Work order →
Please return the listing exactly as written, but without its pictures.

═══ Dataset section ═══

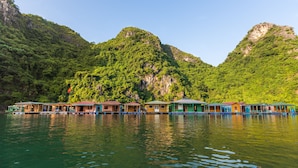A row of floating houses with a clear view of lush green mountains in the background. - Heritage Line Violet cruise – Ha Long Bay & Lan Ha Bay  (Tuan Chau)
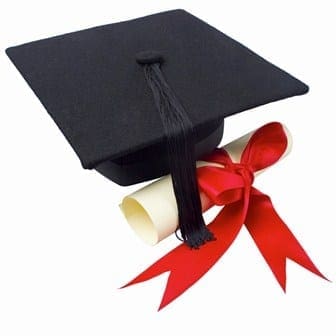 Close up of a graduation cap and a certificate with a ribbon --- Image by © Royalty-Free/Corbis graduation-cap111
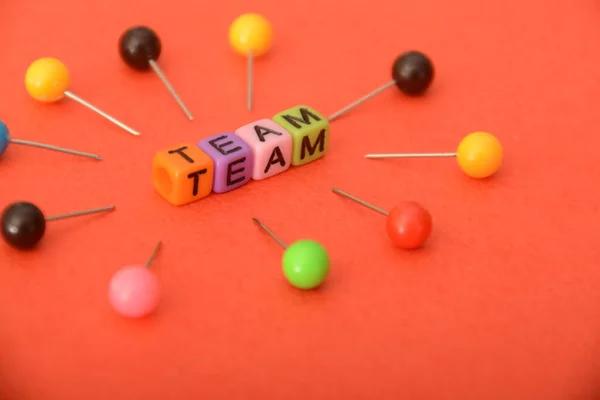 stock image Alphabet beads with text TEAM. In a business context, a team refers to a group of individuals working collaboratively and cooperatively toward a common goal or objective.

═══

Written answer →
A row of floating houses with a clear view of lush green mountains in the background. - Heritage Line Violet cruise – Ha Long Bay & Lan Ha Bay  (Tuan Chau)
 Close up of a graduation cap and a certificate with a ribbon --- Image by © Royalty-Free/Corbis graduation-cap111
 stock image Alphabet beads with text TEAM. In a business context, a team refers to a group of individuals working collaboratively and cooperatively toward a common goal or objective.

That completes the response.